[Given data Boundary: Start]

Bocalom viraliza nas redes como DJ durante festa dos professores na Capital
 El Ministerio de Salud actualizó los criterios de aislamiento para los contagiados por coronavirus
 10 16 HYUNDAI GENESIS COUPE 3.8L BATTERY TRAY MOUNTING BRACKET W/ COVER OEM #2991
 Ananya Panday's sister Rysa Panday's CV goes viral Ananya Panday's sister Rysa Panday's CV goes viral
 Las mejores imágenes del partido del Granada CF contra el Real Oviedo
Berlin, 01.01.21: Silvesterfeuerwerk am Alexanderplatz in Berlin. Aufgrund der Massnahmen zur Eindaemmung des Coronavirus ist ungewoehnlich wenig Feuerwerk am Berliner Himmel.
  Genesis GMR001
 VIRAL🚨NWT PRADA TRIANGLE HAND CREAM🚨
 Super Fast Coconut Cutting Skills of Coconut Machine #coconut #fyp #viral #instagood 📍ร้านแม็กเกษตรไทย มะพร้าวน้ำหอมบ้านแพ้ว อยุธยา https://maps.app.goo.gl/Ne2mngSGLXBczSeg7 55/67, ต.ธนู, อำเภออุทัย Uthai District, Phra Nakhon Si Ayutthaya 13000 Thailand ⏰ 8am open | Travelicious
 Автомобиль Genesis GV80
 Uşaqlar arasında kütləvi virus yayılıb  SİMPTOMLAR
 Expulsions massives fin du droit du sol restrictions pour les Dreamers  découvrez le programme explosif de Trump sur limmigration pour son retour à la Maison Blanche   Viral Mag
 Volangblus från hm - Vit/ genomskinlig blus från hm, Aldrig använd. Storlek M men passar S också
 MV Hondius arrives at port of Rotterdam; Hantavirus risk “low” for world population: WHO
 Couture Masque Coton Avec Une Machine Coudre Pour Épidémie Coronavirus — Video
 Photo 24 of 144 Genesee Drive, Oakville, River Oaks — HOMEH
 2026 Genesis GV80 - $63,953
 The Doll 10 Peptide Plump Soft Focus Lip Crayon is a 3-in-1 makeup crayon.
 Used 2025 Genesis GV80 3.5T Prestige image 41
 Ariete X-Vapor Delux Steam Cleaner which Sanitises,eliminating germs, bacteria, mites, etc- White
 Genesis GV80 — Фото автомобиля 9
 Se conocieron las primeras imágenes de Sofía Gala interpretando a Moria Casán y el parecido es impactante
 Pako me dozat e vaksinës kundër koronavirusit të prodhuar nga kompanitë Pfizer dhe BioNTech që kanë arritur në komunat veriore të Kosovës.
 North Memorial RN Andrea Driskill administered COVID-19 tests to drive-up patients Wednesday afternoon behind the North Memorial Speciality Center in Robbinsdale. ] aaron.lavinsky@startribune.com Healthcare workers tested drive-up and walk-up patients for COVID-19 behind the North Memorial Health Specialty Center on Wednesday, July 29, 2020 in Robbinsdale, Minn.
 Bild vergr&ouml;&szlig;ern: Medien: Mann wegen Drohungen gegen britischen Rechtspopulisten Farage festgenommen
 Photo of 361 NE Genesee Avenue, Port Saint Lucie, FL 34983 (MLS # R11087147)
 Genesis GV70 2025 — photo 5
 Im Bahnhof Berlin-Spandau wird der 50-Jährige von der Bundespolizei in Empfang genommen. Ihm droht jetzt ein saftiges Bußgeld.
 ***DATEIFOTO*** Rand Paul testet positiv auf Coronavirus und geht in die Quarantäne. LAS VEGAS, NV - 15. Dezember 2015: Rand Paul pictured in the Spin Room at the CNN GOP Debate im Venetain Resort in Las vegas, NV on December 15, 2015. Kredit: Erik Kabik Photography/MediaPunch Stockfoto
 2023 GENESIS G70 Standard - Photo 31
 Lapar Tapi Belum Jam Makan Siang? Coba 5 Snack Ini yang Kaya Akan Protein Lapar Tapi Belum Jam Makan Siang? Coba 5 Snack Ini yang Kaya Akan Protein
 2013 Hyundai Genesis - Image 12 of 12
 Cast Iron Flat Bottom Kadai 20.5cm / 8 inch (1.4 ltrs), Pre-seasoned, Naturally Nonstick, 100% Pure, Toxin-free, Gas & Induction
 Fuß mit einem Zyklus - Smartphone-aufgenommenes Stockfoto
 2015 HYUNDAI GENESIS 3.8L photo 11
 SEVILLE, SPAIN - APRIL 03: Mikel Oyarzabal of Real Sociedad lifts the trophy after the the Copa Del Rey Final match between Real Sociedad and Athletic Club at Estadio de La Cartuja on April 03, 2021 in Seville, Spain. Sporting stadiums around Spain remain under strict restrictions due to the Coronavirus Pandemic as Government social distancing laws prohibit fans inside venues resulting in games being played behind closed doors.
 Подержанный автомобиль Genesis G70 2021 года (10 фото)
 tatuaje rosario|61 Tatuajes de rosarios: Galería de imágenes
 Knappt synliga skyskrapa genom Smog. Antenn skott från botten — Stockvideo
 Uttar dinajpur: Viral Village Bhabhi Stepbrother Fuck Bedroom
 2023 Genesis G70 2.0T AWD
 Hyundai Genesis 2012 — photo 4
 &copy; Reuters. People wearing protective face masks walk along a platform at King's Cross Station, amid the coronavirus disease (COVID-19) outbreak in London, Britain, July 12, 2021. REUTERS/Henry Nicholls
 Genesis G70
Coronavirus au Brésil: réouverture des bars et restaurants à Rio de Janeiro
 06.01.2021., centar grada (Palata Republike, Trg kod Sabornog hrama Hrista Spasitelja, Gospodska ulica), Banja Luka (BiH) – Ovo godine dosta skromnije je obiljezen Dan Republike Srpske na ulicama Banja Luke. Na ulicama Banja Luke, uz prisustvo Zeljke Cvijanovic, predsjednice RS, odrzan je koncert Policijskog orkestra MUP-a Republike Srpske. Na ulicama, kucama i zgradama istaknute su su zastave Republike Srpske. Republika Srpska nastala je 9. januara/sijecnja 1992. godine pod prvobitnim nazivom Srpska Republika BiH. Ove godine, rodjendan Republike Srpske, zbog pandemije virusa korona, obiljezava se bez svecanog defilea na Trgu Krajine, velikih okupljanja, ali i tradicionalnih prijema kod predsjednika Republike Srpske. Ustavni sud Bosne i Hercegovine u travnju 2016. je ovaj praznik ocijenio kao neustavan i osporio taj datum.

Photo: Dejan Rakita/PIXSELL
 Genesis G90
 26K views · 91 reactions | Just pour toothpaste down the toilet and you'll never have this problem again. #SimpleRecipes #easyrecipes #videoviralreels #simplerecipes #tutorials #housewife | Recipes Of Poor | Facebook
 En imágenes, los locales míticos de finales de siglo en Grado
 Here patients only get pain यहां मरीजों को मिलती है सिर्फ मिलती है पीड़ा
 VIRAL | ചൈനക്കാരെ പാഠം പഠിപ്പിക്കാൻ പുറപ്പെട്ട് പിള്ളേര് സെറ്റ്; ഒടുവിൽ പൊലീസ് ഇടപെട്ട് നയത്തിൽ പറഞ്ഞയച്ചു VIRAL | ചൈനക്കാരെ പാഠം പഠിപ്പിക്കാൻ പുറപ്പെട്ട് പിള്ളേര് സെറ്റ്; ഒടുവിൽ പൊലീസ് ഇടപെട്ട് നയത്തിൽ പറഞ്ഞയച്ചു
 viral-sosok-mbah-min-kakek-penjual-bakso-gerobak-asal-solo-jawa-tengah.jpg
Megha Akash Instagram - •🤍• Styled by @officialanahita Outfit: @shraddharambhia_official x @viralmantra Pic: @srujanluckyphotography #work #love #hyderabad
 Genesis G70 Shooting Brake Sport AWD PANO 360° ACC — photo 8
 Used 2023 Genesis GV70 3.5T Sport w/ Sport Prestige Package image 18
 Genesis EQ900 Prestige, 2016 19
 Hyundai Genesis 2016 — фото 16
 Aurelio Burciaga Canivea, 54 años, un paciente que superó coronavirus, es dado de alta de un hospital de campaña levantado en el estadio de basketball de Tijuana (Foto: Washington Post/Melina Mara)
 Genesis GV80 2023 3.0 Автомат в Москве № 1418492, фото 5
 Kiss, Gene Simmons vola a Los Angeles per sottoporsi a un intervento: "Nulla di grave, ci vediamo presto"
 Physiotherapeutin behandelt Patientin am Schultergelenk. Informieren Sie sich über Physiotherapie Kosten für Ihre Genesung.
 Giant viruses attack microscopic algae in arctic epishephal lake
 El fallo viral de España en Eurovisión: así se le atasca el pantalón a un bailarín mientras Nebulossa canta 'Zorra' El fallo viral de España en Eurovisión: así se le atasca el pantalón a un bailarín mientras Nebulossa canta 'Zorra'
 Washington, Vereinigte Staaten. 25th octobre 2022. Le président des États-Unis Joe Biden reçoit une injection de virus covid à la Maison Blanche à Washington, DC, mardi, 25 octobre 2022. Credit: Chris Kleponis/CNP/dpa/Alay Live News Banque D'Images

[Given data Boundary: End]

Start with the line above that contains "En imágenes, los" and end with the line that contains "Physiotherapeutin behandelt Patientin". Write out those lines exactly, and only those.

Response to the task:
 En imágenes, los locales míticos de finales de siglo en Grado
 Here patients only get pain यहां मरीजों को मिलती है सिर्फ मिलती है पीड़ा
 VIRAL | ചൈനക്കാരെ പാഠം പഠിപ്പിക്കാൻ പുറപ്പെട്ട് പിള്ളേര് സെറ്റ്; ഒടുവിൽ പൊലീസ് ഇടപെട്ട് നയത്തിൽ പറഞ്ഞയച്ചു VIRAL | ചൈനക്കാരെ പാഠം പഠിപ്പിക്കാൻ പുറപ്പെട്ട് പിള്ളേര് സെറ്റ്; ഒടുവിൽ പൊലീസ് ഇടപെട്ട് നയത്തിൽ പറഞ്ഞയച്ചു
 viral-sosok-mbah-min-kakek-penjual-bakso-gerobak-asal-solo-jawa-tengah.jpg
Megha Akash Instagram - •🤍• Styled by @officialanahita Outfit: @shraddharambhia_official x @viralmantra Pic: @srujanluckyphotography #work #love #hyderabad
 Genesis G70 Shooting Brake Sport AWD PANO 360° ACC — photo 8
 Used 2023 Genesis GV70 3.5T Sport w/ Sport Prestige Package image 18
 Genesis EQ900 Prestige, 2016 19
 Hyundai Genesis 2016 — фото 16
 Aurelio Burciaga Canivea, 54 años, un paciente que superó coronavirus, es dado de alta de un hospital de campaña levantado en el estadio de basketball de Tijuana (Foto: Washington Post/Melina Mara)
 Genesis GV80 2023 3.0 Автомат в Москве № 1418492, фото 5
 Kiss, Gene Simmons vola a Los Angeles per sottoporsi a un intervento: "Nulla di grave, ci vediamo presto"
 Physiotherapeutin behandelt Patientin am Schultergelenk. Informieren Sie sich über Physiotherapie Kosten für Ihre Genesung.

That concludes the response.